Government Code Section 65583(a) requires “An analysis of potential and actual governmental constraints upon the maintenance, improvement, or development of housing for all income levels,…including land-use controls, building codes and their enforcement, site improvements, fees and other exactions required of developers, and local processing and permit procedures…”
Codes and Enforcement
- Identify current “uniform building code” adopted and enforced by the jurisdiction. Describe how the building code is implemented and whether the process optimizes predictability for developers. A code amendment, which specifies expensive materials and/or methods, can pose a significant constraint to housing development or maintenance.
- Identify and analyze any local amendments to the state housing law or uniform building code.
- Discuss the type and degree of enforcement.
- Describe any efforts to link code enforcement activities to housing rehabilitation programs.
- Describe compliance with health and safety code 17980(b)(2).
When deciding whether to require a substandard building be vacated or to repair (as necessary), health and safety code requires local governments to give consideration to the needs for housing (as expressed in the housing element). The enforcement agency is required to give preference to the repair of the building whenever it is economically feasible to do so without having to repair more than 75 percent of the dwelling.
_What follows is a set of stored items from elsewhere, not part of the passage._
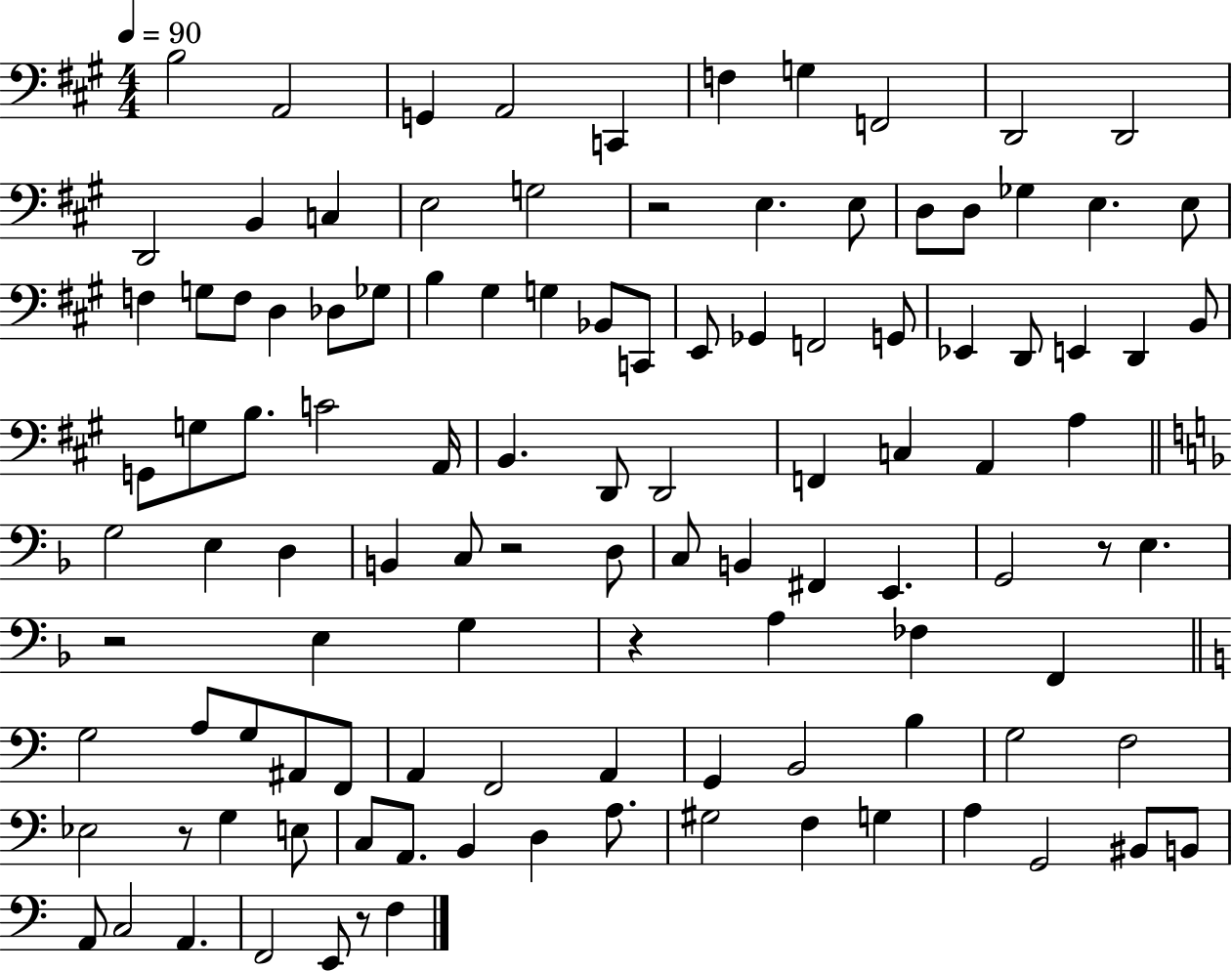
X:1
T:Untitled
M:4/4
L:1/4
K:A
B,2 A,,2 G,, A,,2 C,, F, G, F,,2 D,,2 D,,2 D,,2 B,, C, E,2 G,2 z2 E, E,/2 D,/2 D,/2 _G, E, E,/2 F, G,/2 F,/2 D, _D,/2 _G,/2 B, ^G, G, _B,,/2 C,,/2 E,,/2 _G,, F,,2 G,,/2 _E,, D,,/2 E,, D,, B,,/2 G,,/2 G,/2 B,/2 C2 A,,/4 B,, D,,/2 D,,2 F,, C, A,, A, G,2 E, D, B,, C,/2 z2 D,/2 C,/2 B,, ^F,, E,, G,,2 z/2 E, z2 E, G, z A, _F, F,, G,2 A,/2 G,/2 ^A,,/2 F,,/2 A,, F,,2 A,, G,, B,,2 B, G,2 F,2 _E,2 z/2 G, E,/2 C,/2 A,,/2 B,, D, A,/2 ^G,2 F, G, A, G,,2 ^B,,/2 B,,/2 A,,/2 C,2 A,, F,,2 E,,/2 z/2 F,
Onsite/Offsite Improvement Standards
Onsite/offsite improvement standards establish infrastructure or site requirements to support new residential development such as streets, sidewalks, water and sewer, drainage, curbs and gutters, street signs, park dedications, utility easements, and landscaping. While these improvements are necessary to ensure that new housing meets the local jurisdiction’s development goals, the cost of these requirements can represent a significant share of the cost of producing new housing.
Such requirements can reasonably be considered regulatory barriers to affordable housing if the jurisdiction-determined requirements are greater (and hence, more costly) than those necessary to achieve health and safety requirements in the community.
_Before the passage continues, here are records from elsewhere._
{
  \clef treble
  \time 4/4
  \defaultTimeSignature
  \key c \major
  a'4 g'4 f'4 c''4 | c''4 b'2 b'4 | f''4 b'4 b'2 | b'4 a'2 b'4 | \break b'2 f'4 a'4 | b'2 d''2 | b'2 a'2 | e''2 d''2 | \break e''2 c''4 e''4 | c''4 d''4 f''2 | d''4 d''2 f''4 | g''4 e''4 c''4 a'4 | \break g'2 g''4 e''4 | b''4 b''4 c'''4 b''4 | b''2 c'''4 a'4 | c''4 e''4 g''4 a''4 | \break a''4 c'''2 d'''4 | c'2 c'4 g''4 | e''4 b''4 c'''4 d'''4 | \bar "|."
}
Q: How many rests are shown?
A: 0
The housing element must identify and analyze improvements to street widths, curbs, gutters, sidewalks, water and sewer connections, landscaping, circulation improvement, and any other onsite/offsite improvement required by the jurisdiction that could potentially be a constraint to development of housing. In addition, the housing element must describe any generally applicable level of service standards or mitigation thresholds.
Substandard Housing ProgramThe Franchise Tax Board (FTB) operates the Substandard Housing Program, which assists the state and local agencies responsible for addressing unsafe living conditions that violate health and safety codes. Property owners in violation of health and safety code standards are not allowed to make certain deductions on their personal tax returns pursuant to California Revenue & Taxation Code (CR&TC) Sections 17274 and 24436.5. That additional revenue collected by FTB is transferred to the Local Code Enforcement Rehabilitation fund. These funds are then disbursed to the cities and counties that generated the notification of substandard housing to the FTB.